Add this line to your application's Gemfile:

gem 'query_rule_engine'

And then execute:

$ bundle install

Or install it yourself as:

$ gem install query_rule_engine

Get started

Basic Usage

Use QueryRuleEngine.analyse to generate an analysis object for your Active-Record relation or query and then you can use pretty print on the object.

analysis = QueryRuleEngine.analyse(<active_record_relation>)
puts analysis.pretty_analysis_for(<impact>)

Eg.

analysis = QueryRuleEngine.analyse(
  User.joins('join sessions on sessions.user_email = users.email ')
  .where('sessions.created_at < ?', Time.now - 5.months).order('sessions.created_at')
)
puts analysis.pretty_analysis_for('negative')
# or
puts analysis.pretty_analysis({'negative' => true, 'positive' => true})

Results

table: sessions
column: type
impact: negative
message: Entire sessions table is scanned to find matching rows, you have 1 possible keys to use.
suggestion: Use index here. You can use index from possible key: ["index_sessions_on_user_email"] or add new one to sessions table as per the requirements.
column: key
impact: negative
message: There is no index key used for sessions table, and can result into full scan of the sessions table
suggestion: Please use index from possible_keys: ["index_sessions_on_user_email"] or add new one to sessions table as per the requirements.
column: rows
impact: negative
message: 2982924 rows are being scanned per join for sessions table.
suggestion: Please see if it is possible to use index from ["index_sessions_on_user_email"] or add new one to sessions table as per the requirements to reduce the number of rows scanned.

Add logger for every query

Add QueryRuleEngine.subscribe_logger to your initial load file like application.rb

You can make logger silence of error using QueryRuleEngine.subscribe_logger silent: true.
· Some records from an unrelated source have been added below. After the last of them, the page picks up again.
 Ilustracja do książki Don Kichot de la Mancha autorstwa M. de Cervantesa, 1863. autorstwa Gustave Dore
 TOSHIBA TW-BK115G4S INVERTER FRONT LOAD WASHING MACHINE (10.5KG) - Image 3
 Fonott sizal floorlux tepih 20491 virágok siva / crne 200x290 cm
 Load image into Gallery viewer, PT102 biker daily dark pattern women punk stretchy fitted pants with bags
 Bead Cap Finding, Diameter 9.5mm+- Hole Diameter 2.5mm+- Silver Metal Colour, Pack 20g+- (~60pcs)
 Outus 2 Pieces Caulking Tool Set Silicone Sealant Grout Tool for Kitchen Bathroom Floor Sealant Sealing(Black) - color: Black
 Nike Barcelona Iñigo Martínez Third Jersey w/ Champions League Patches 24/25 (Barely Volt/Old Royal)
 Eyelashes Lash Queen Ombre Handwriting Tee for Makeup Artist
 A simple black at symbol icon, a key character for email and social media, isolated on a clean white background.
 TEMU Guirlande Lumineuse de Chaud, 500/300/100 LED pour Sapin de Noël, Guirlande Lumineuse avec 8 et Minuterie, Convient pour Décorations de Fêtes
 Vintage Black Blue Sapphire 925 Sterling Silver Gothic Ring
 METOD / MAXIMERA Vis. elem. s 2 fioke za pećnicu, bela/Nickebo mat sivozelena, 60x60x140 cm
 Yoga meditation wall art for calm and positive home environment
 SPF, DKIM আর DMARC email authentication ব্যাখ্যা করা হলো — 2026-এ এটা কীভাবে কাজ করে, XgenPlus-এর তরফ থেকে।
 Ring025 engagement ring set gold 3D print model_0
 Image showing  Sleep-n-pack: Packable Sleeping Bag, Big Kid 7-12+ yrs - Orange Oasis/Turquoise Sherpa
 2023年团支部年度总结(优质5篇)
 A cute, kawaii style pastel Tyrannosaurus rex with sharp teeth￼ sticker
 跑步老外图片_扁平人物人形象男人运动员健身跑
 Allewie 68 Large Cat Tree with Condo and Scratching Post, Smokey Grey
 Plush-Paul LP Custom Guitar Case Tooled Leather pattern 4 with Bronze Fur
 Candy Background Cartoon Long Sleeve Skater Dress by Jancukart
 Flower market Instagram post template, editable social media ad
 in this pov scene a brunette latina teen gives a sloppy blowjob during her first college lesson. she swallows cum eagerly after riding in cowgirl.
You can change logger config using QueryRuleEngine logger_config: <config>, default logger_config {'negative' => true}, options positive: <Boolean>, caution: <Boolean>.

How it works?

Query rule engine converts the relation into sql query
Query rule engine generates execution plan using EXPLAIN and EXPLAIN format=JSON based on the configuration.
Query rule engine load rules from the config file.
Query rule engine apply rules on the execution plan and generate a new analysis object.
Analysis object provide different methods to print the analysis in more descriptive format.

Execution plan

We have 2 possible execution plan:-

Normal - using EXPLAIN

Detailed - using EXPLAIN format=JSON

NOTE: By default Detailed execution plan is added in the final execution plan, you can remove that by QueryRuleEngine.detailed=false

Normal execution plan

Generated using EXPAIN <query>

Result

id	select_type	table	partitions	type.	possible_keys	key	key_len	ref	rows	filtered	Extra
1	SIMPLE	profile	NULL.	index	fk_rails_249a7ebca1	fk_rails_249a7ebca1	5	NULL	603	100.00	Using where; Using index
1	SIMPLE	users	NULL	eq_ref	PRIMARY,index_users_on_id	PRIMARY	4	development.profile.user_id	1	100.00	NULL

Result for this is added as it is in the final execution plan

Eg.

{
    "profile" => {
                   "id" => 1,
          "select_type" => "SIMPLE",
                "table" => "profile",
           "partitions" => nil,
                 "type" => "index",
        "possible_keys" => "fk_rails_249a7ebca1",
                  "key" => "fk_rails_249a7ebca1",
              "key_len" => "5",
                  "ref" => nil,
                 "rows" => 603,
             "filtered" => 100.0,
                "Extra" => "Using where; Using index"
    },
                  "users" => {
                   "id" => 1,
          "select_type" => "SIMPLE",
                "table" => "users",
           "partitions" => nil,
                 "type" => "eq_ref",
        "possible_keys" => "PRIMARY,index_users_on_id",
                  "key" => "PRIMARY",
              "key_len" => "4",
                  "ref" => "development.profile.user_id",
                 "rows" => 1,
             "filtered" => 100.0,
                "Extra" => nil
    }
}

Detailed execution plan

Generated using EXPAIN format=JSON <query>

Truncated Result

{
  "query_block": {
    "select_id": 1,
    "cost_info": {
      "query_cost": "850.20"
    },
    "nested_loop": [
      {
        "table": {
          "table_name": "profile",
          "access_type": "index",
          "key_length": "5",
          "cost_info": {
            "read_cost": "6.00",
            "eval_cost": "120.60",
            "prefix_cost": "126.60",
            "data_read_per_join": "183K"
          },
          "used_columns": [
            "user_id"
          ],
          "attached_condition": "(`development`.`profile`.`user_id` is not null)"
        }
      }
    ]
  }
}

Result for this is added in flatten form to final execution plan, where detailed# prefix is added before each key.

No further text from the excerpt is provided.